Putting the Rudder Before the Boat.

Road trip breakfast.

Returning to the normal flow of the blog after the last post’s digression through the Northwest Passage, I’ll pick up the thread as we returned home from the cross-country road trip, whose second half turned out every bit as awesome as the first.  We picked up seven new shops as dealers, with several others eager to make orders in the spring, when mountain shops shift from winter fun to summer cragging mode.  Glad to be back, we were nonetheless a little sorry it was over, and may just go on another tour again sometime.  If only the Midwest weren’t so wide….

Legenday Gear Dyneema slings

We had to hit the ground running, as there were backorders to fill, as well as a small mountain of sailboat rope that had piled up awaiting our return.  The children had thrived in our absence, their worst setback a flat tire when miles and miles from home, but were glad to give most of the cooking over to us again.  Between cutting, splicing, and dyeing mountains of slings, we designed packaging, put together a PDF product catalog to email out, and watched winter get closer every day.

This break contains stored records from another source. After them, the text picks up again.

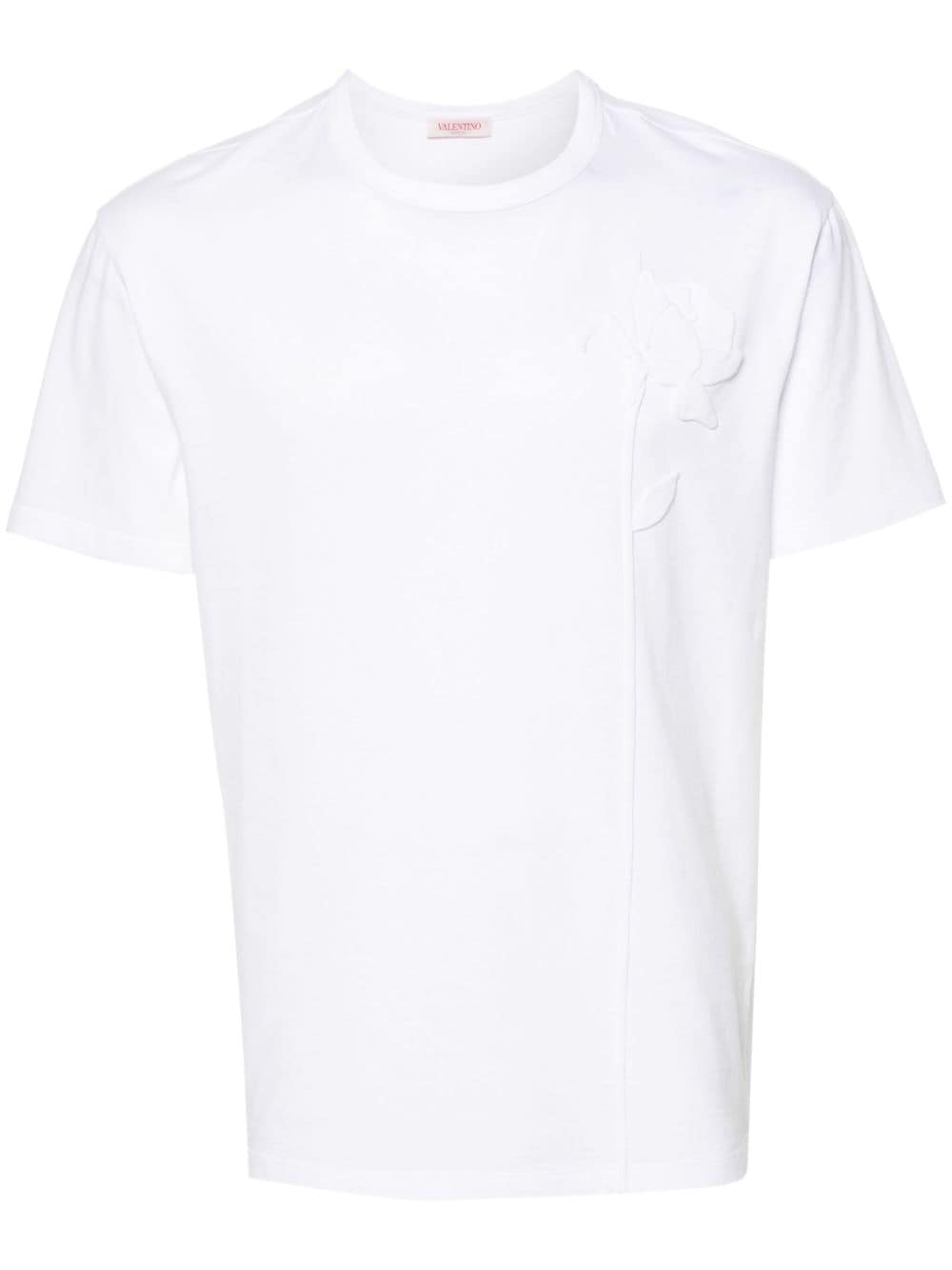 VALENTINO Floral Appliqué Cotton Tee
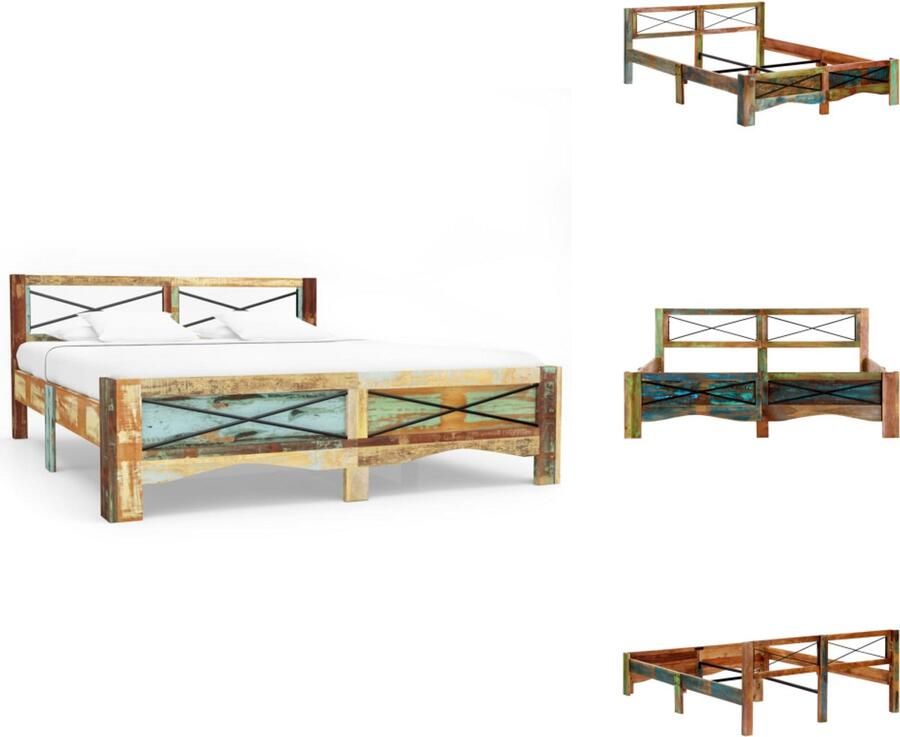 VidaXL Bedframe Bedframes Bed Frame Bed Frames Bedframe massief gerecycled hout 160x200 cm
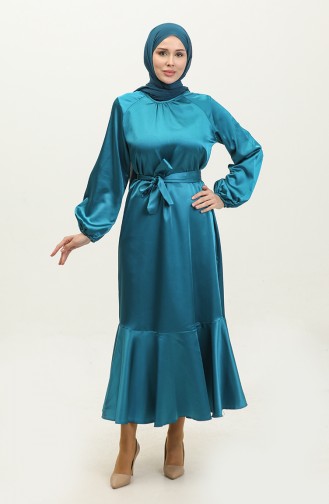 Flounced Skirt Belted Satin Dress 2023113-02 Petrol 2023113-02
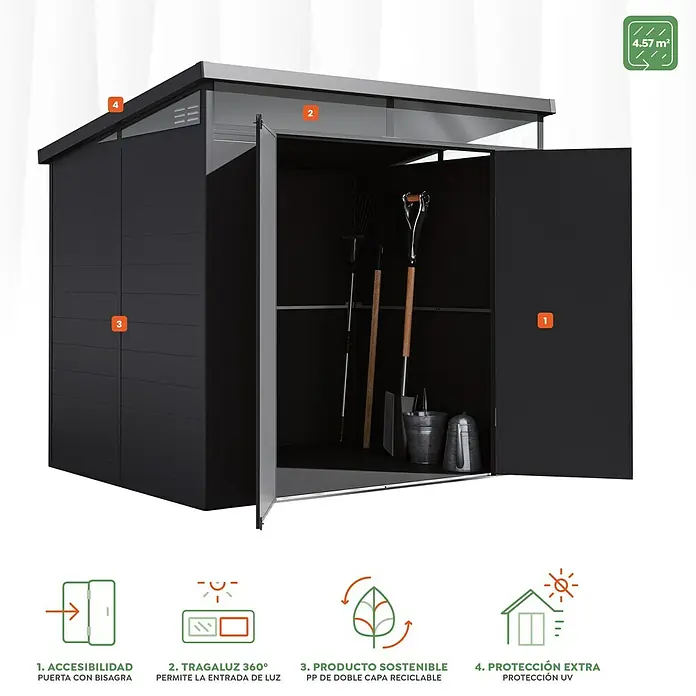 Hoggar Caseta de jardín Nova - Medidas ext. (An x Pr): 238 x 192 cm, Plástico, Antracita - Imagen de un cobertizo de jardín grande y negro con puertas dobles y notas sobre las características del producto.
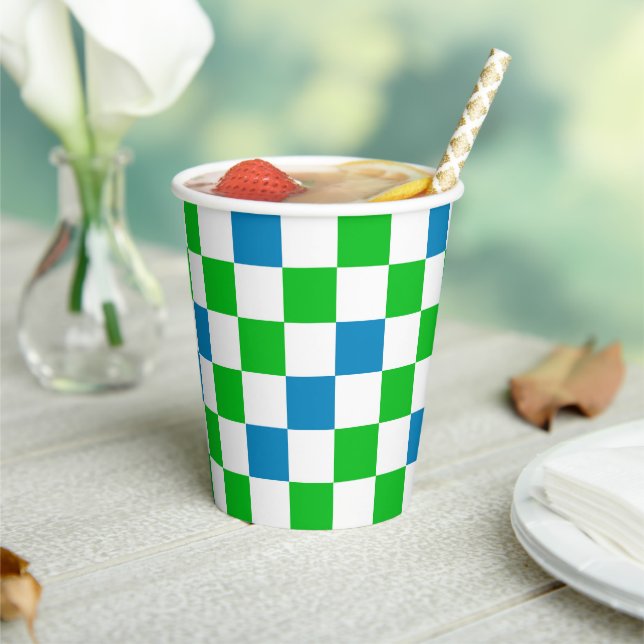 Vasos De Papel Diseño a cuadros azul blanco verde (in situ)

Some work on the bow section

I had hoped to get a lot more fiberglass onto the boat’s hull before it got too cold, but in the end we only had two warm-enough days, which sufficed to get a good layup on the keel shoe and some work on the bow section before we put the tarp over her for good and all.  Time to do inside things until spring.

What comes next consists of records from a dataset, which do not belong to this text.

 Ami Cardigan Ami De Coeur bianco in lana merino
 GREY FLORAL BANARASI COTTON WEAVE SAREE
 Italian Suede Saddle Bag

My workshop is divided into two unequal spaces.  The smaller one, where I do all my rigging, (the “clean shop”) is pretty well insulated and has a woodstove, so it’s an all-season room.  The “dirty shop” is much harder to heat, and is only really tenable when the outside temps are above freezing.  Anticipating some glasswork in there, I set up a Dickinson diesel heater/stove that I’m keeping for Arctic sailing on Ganymede when time and circumstance allow.  It doesn’t do much beyond taking the edge off, but it allows us to work in there on rare warm days, where we’ve begun work on the rudder.

Penske Board. Dense, strong, itchy.

It’s pretty easy to design a barn-door stern-hung rudder for a full-keel boat: the only question is “how big?”  With the help of my old friend Skene, we came up with dimensions that pleased the eye, and cut a blank out of a sheet of high-density core material called “Penske Board.”  Standing against the wall for a few months since we’d cut keel-shoe core out of it, the board had a slight bend that didn’t want to flatten out until we’d glassed over each edge of it with the opposite edge clamped onto straightedges.

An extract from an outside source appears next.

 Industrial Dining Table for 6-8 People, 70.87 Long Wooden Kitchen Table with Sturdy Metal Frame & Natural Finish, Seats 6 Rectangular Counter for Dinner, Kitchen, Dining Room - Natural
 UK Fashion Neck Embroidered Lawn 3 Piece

Once the rudder was shape-stabilized and laser-straight (we checked it with the laser), we did the heavy layup in one long session, wrapped it in peel-ply to keep the glass from sagging off the underside, and then wrapped plastic packing film over everything to make sure the glass stayed tight, especially around the edges, where we want no bubbles to disturb the attachment to the sternpost.

Shape-stabilizing

There’s something diabolically difficult about getting peel-ply off when it’s been firmly pressed on: it’s like it wants to be part of the laminate.  Sometimes it takes plyers to grasp a flap firmly enough to yank it, and always I’m amazed the material doesn’t just tear and leave itself behind.  But the rudder looked pretty good once we’d got the peel-ply off, and after that there were only the ends to fix where we’d left tabs sticking out so it could be hung to laminate on both sides at once.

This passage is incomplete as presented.